# RECORDS FOR THIS TASK:

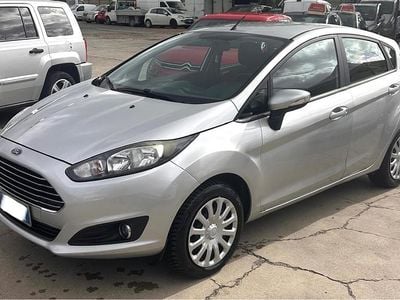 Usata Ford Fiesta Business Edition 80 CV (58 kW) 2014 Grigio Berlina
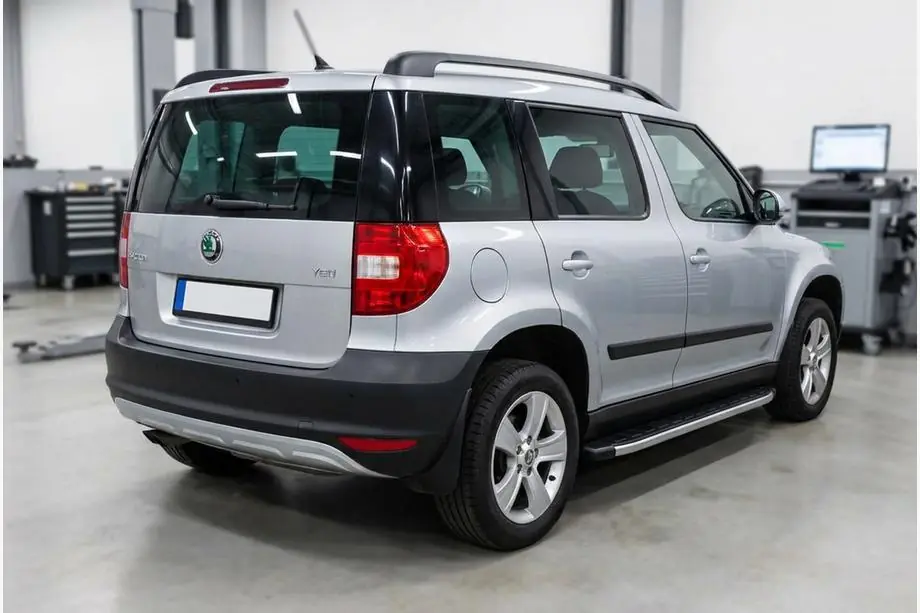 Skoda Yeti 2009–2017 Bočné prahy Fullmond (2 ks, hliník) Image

--

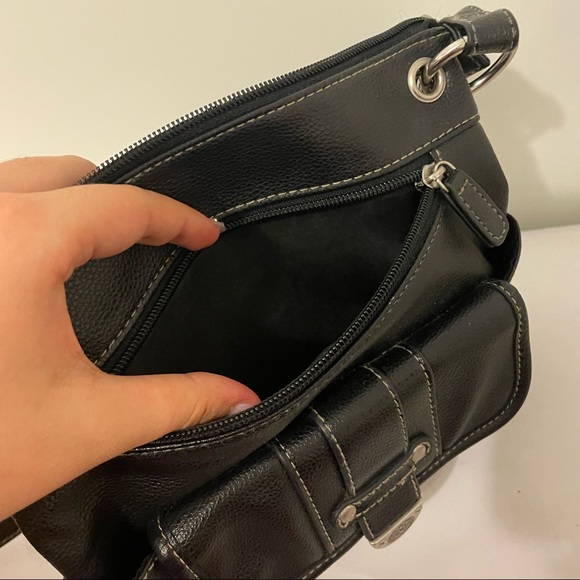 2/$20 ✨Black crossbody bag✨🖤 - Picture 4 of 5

# TASK TO COMPLETE:
Find the line with "Usata Ford Fiesta" and the line with "Skoda Yeti 2009–2017" in the records above. Copy both and all lines between them exactly, without pictures.

# TASK RESPONSE:
 Usata Ford Fiesta Business Edition 80 CV (58 kW) 2014 Grigio Berlina
 Skoda Yeti 2009–2017 Bočné prahy Fullmond (2 ks, hliník) Image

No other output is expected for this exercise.